Elderly Sumo Prophecy


Biking down mountains in gta V can really get the adrenaline going. With a nice sunset.

peanutbutter

- Burnout 3 boosting your way through a whole track
- Super Hexagon when the shape starts changing
- Lumines when you're almost out and just start chaining the absolute fuck outta things to clear the screen


bgmnts

Beating a boss you have spent at least 10 tries on.
Finishing a game on the hardest difficulty.
Managing a stealth/pacifist run (looking at you Dishonoured/Deus Ex.)

Bazooka

I found a glitch in Morrowind that allowed me to use a trainer to level up to level 300 and something (the cap is meant to be 75) kept having to make more gold so stopped there.I was a god before that point but to know I could level up to infinity and beyond was nice.

Famous Mortimer

I'm down for Urban Terror, NoSleep. But chances are our times of availability won't match.

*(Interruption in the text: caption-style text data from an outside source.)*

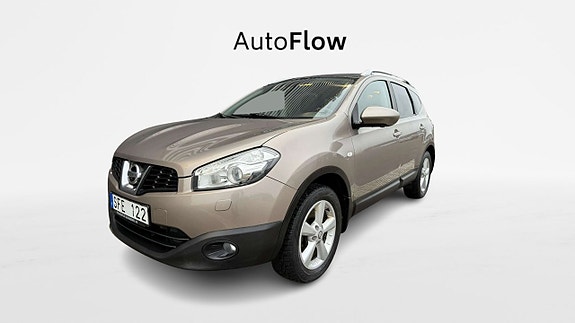 Mercedes-Benz GLE350 de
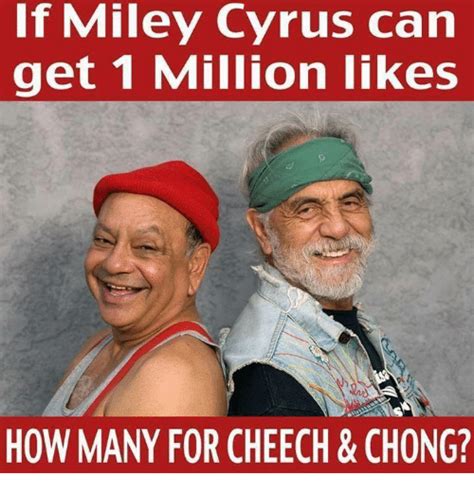 Comedy legends cheech marin and tommy chong. 🔥 25+ Best Memes About Cheech & Chong | Cheech & Chong Memes
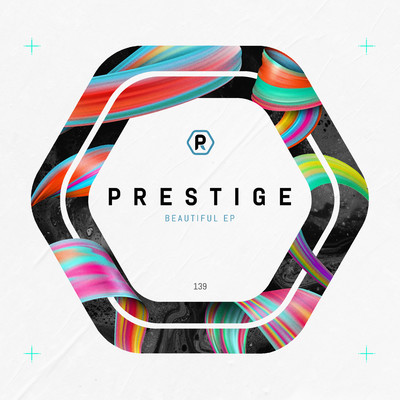 シングル/The House Tour/Prestige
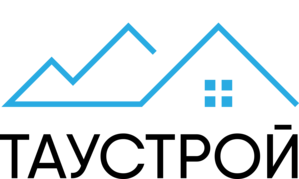 Газблоки,  пеноблоки,  теплоблоки,  металлочерепица,  профлист #1721853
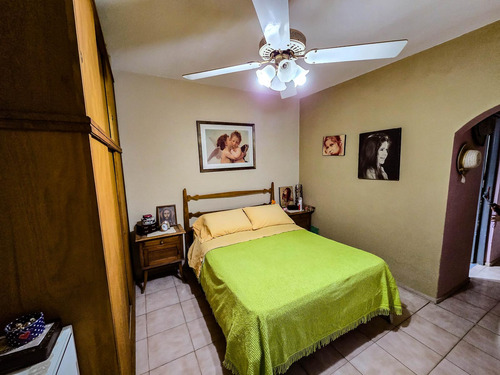 Venta Ph 3 Ambientes En Jose L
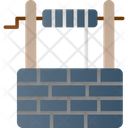 پیش‌نمایش فایل agriculture-6787132 از پک Prehistoric عنصر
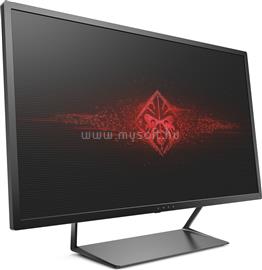 HP OMEN Monitor W9S97AA small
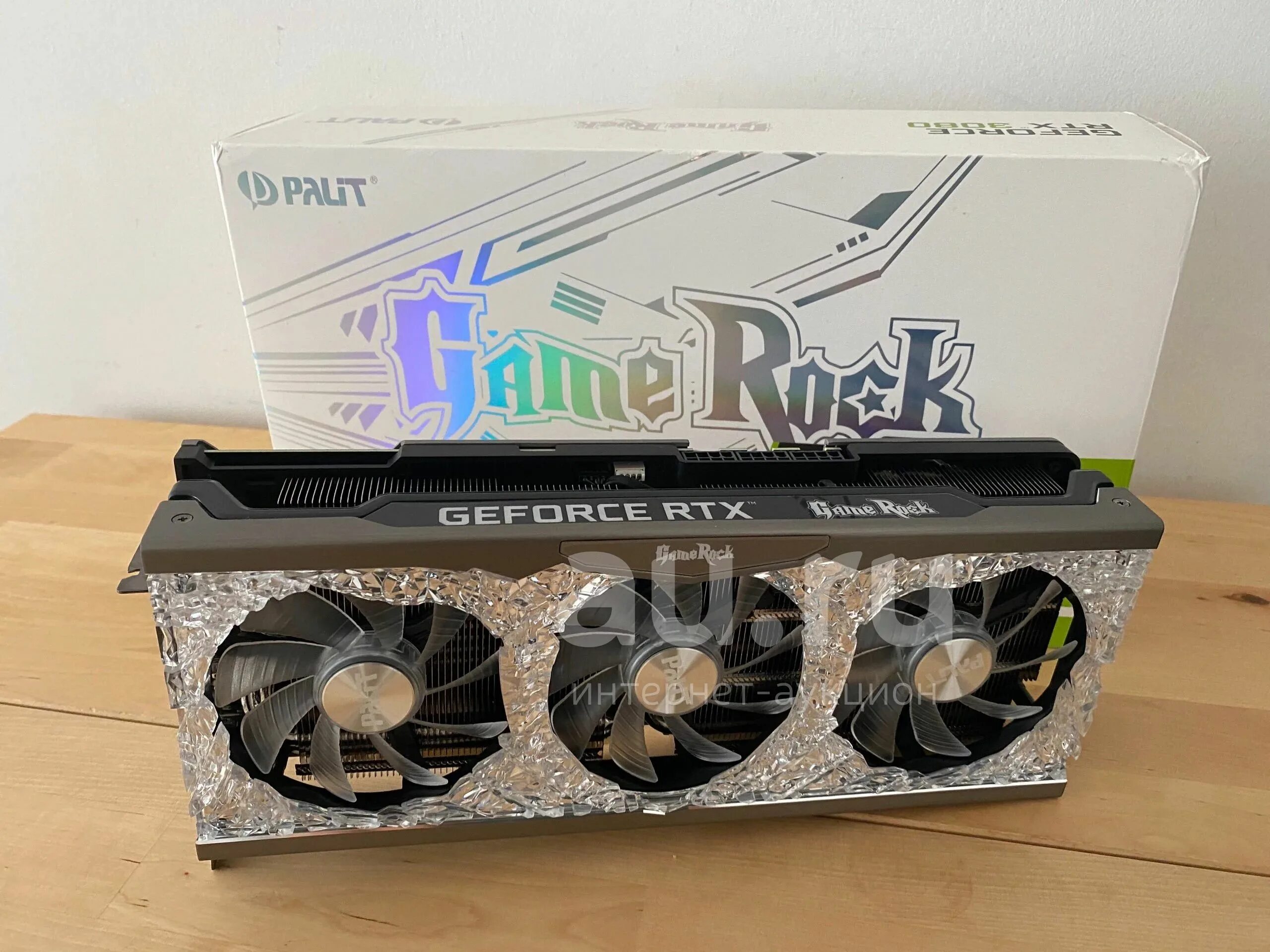 3080 ti palit gamerock в корпусе. Palit 3080 ti gamerock. Game rock 3080. Palit rtx 3080 ti gamerock lhr. Rtx 3080 gamerock.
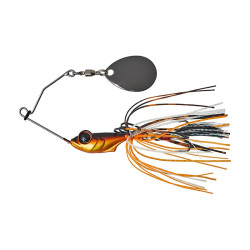 Spinnerbait GUNKI Alvin 5.6g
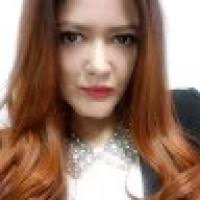 40+ "Jackie Mares" profiles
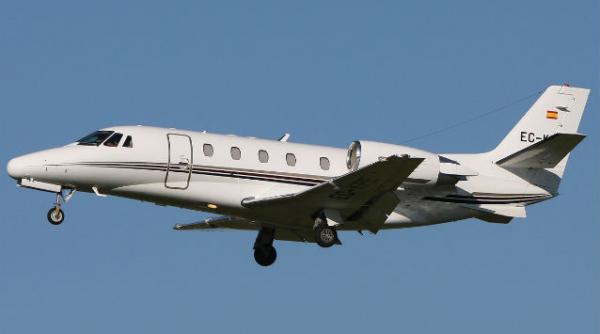 un candidat brazilian la presedintie printre pasagerii aflati intr un avion care s a prabusit in orasul santos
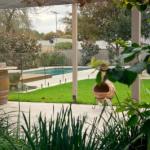 Australia Plains SA Sydney 4u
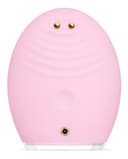 Thumbnail 1 de FOREO LUNA™ 3 plus limpiador facial con microcorrientes 🎧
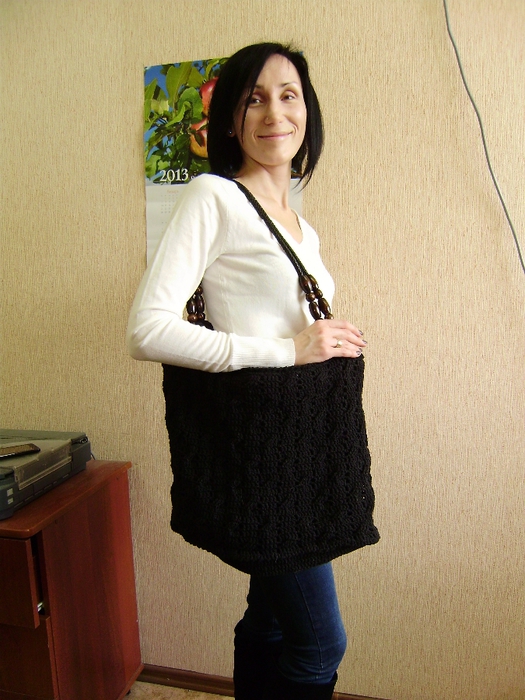 P7070035 (525x700, 293Kb)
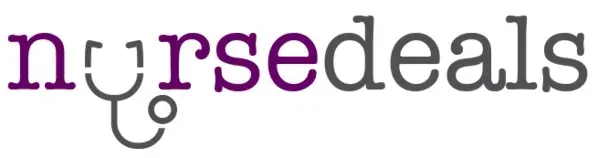 Nurse Deals Promo Code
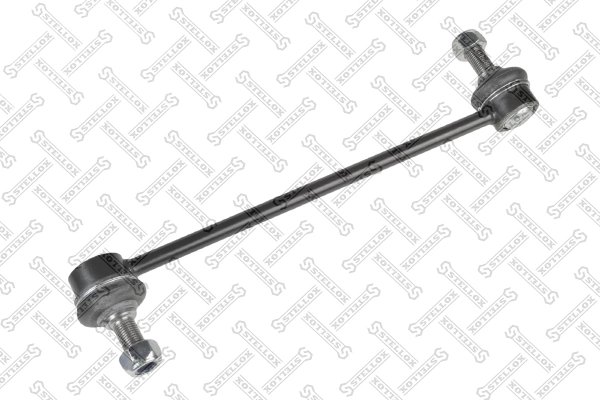 BIELETA STABILIZATOR STELLOX 56-98019-SX - Compatibil cu LEXUS, TOYOTA, TOYOTA (GAC)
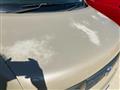 2010 Nissan Cube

For me, it's getting that seemingly impossible achievement on a game. I very rarely bother to 100% a game, because often the mechanics make it a ballache and I'm just not that into playing the same level a hundred times to get a thing. But acing all the stuff on Resident Evil 4 so you can get the suit of armour and tommy gun, and have them actually affect future playthroughs, was great fun. Or getting 100% on Tomb Raider: Legend, because it was just so smooth to control. Or, my favourite, getting the pacifist / stealth achievements in "Deus Ex: Human Revolution". Just working out the right path through a packed room was so satisfying, and I did the same for "Mankind Divided" too, but that one had all those boring-ass VR-esque mini-missions you needed to do for 100% and I couldn't be bothered.

In summary: breezes

Elderly Sumo Prophecy

The recent Deus Ex games were a pain in the arse if you wanted to do a no kills/no alarms run because there was no stats screen. You could easily go through the entire game thinking you were getting those achievements, without realising that you'd voided them in the first hour by triggering an alarm, or a sleeping body had fallen into the water.